給食から「揚げパン」が消滅?業者「撤退」の背景 給食費無償化の影響と厳しすぎる「縛り」に悲鳴
学校給食のパンの提供の中止が全国各地で相次いでいる。給食の大スター、揚げパンは献立から消えてしまうのか。
「揚げパン」発祥の小学校では
今日は、待ちに待った「揚げパンの日」だ。4時間目の終わりを告げるチャイムが鳴ると、かっぽう着姿の給食当番が鍋や食器の入ったかごを運んできた。メニューはカレーポトフ、揚げパン、ミカン、牛乳。配膳台の前に並び、盛りつけてもらう。
「みんな、揚げパンは好きかな?」
記者が尋ねると、東京都大田区立嶺町小学校の子どもたちは「はーい」と、いっせいに手を挙げた。揚げパンが好きな理由をこう教えてくれた。

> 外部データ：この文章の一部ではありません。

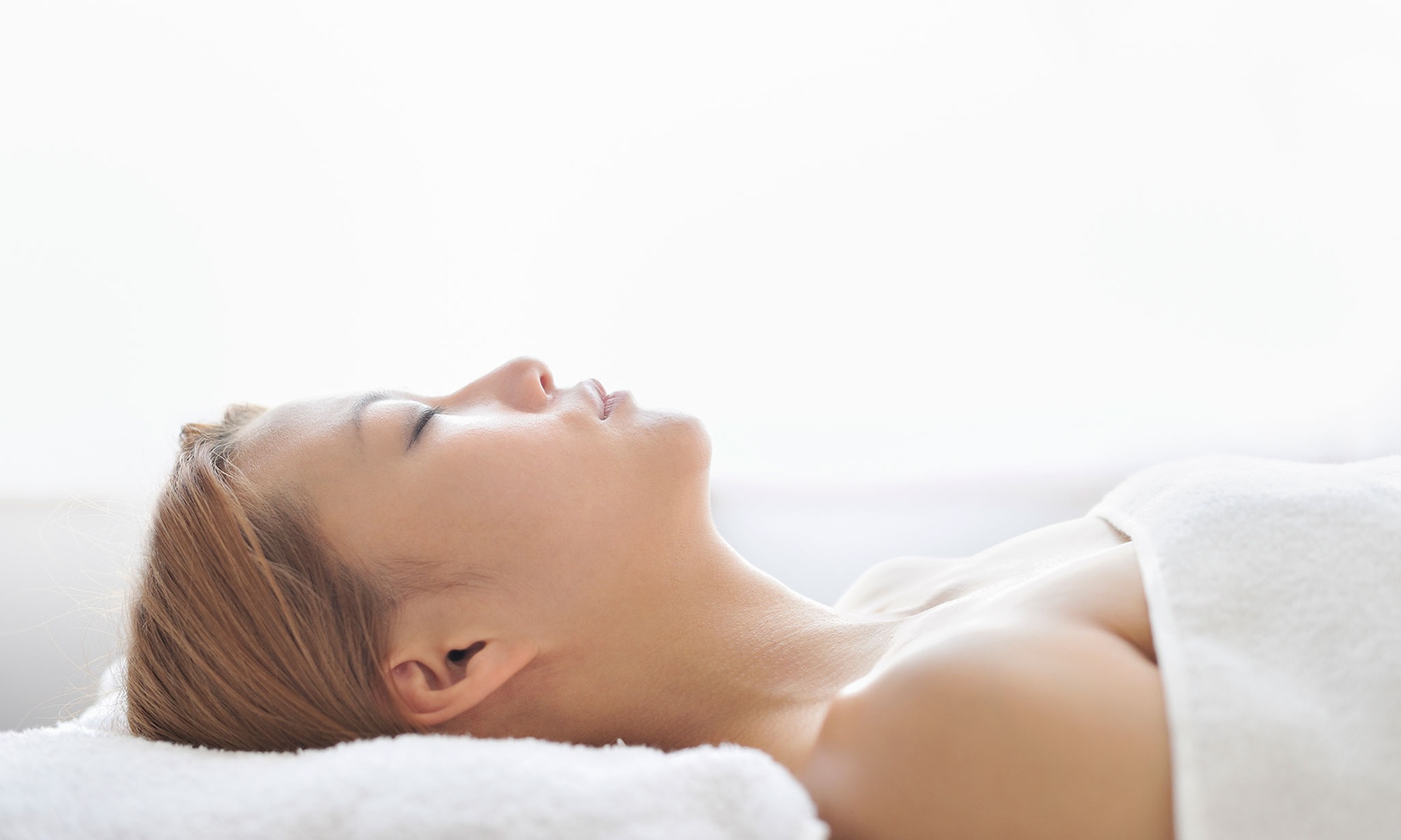 Sesión de tratamiento facial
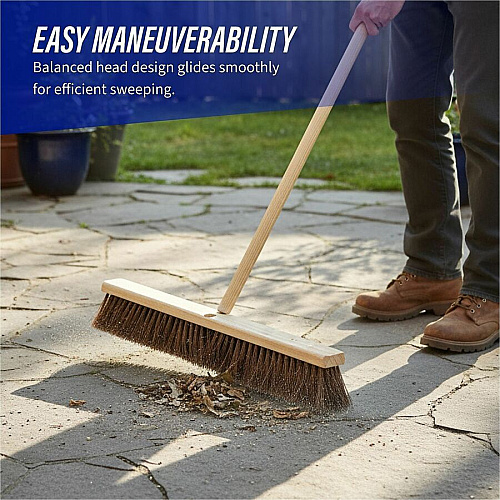 Genuine Joe 24" Push Broomhead (99652)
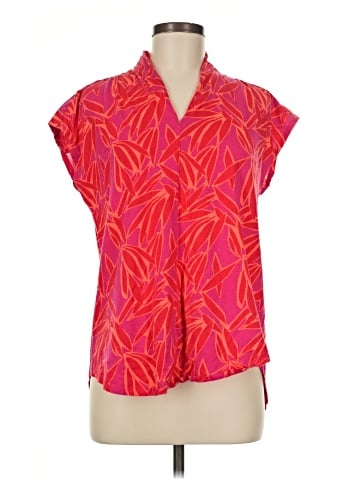 Soft Surroundings Short Sleeve Blouse (view 1)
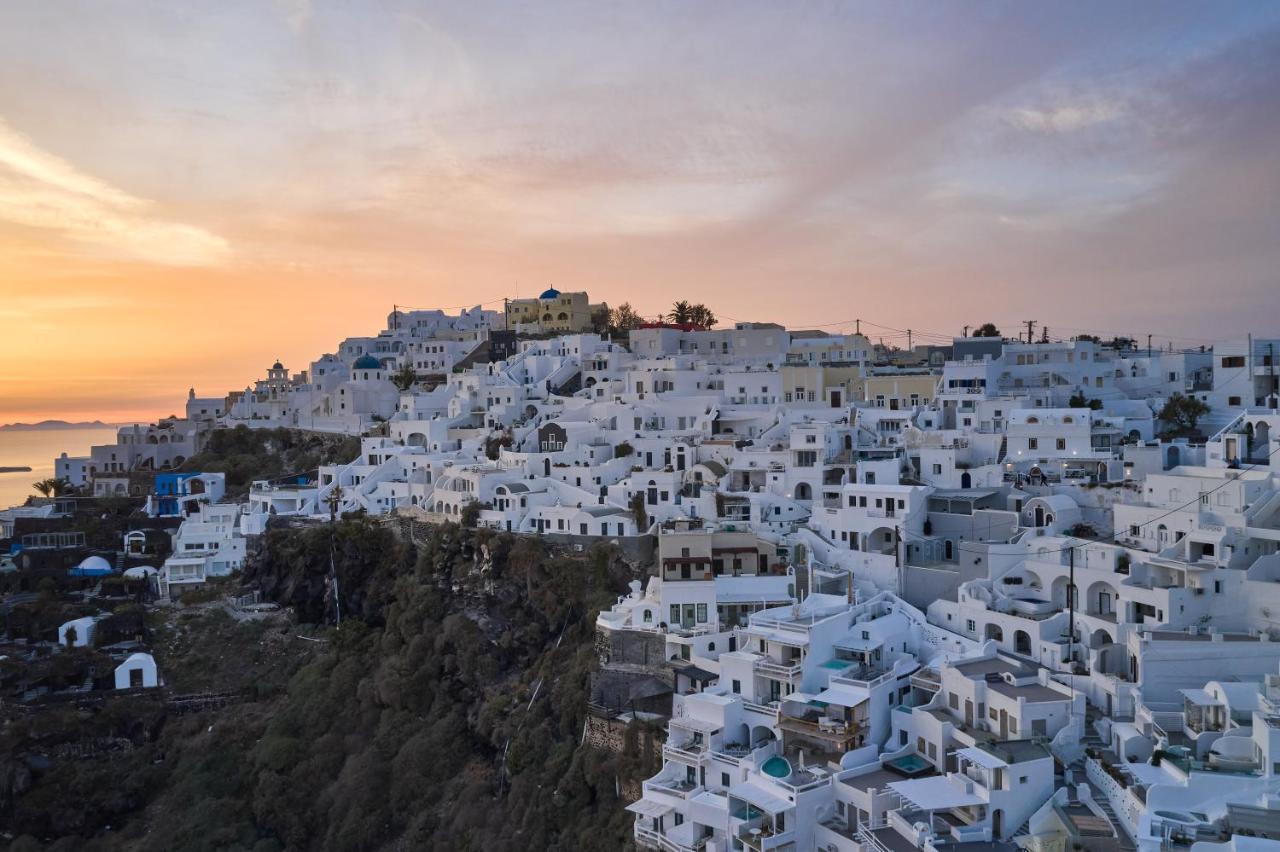 Santorini Mansion At Imerovigli Apartment Exterior photo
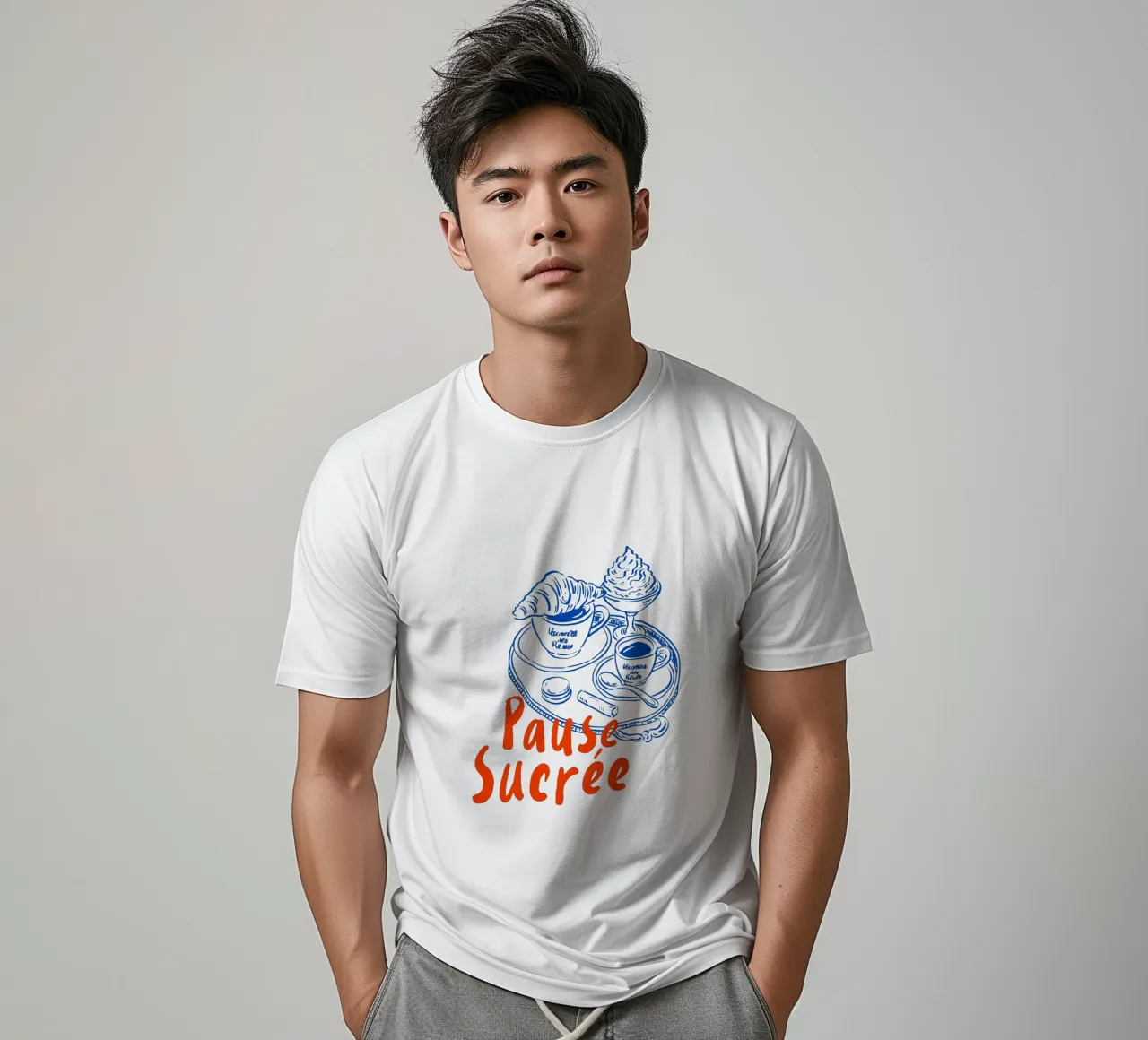pause sucrée t-shirt da ramosashop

「甘さとパンが絶妙にマッチしている」「中が柔らかくて、外が硬い、食感が好き」「砂糖、きな粉、シナモンと、味が選べるのがいい」「大きいから食べ応えがある」
揚げパンは1952(昭和27)年ごろ、同小で初めて作られ、全国に広まったといわれる。栄養士によると、「新しい油を使い、高い温度でサッと揚げるのがおいしい揚げパンを作るコツです」。
そんな話を聞くと、油になじんだ砂糖をまとったパンの甘い香りとともに、懐かしい思い出がよみがえってくる。揚げパンに限らず、今の子どもたちはパンが好きで、残食は米飯より少ないという。
ところが、いま、給食のパンがピンチだ。各地でパンの提供中止が相次いでいる。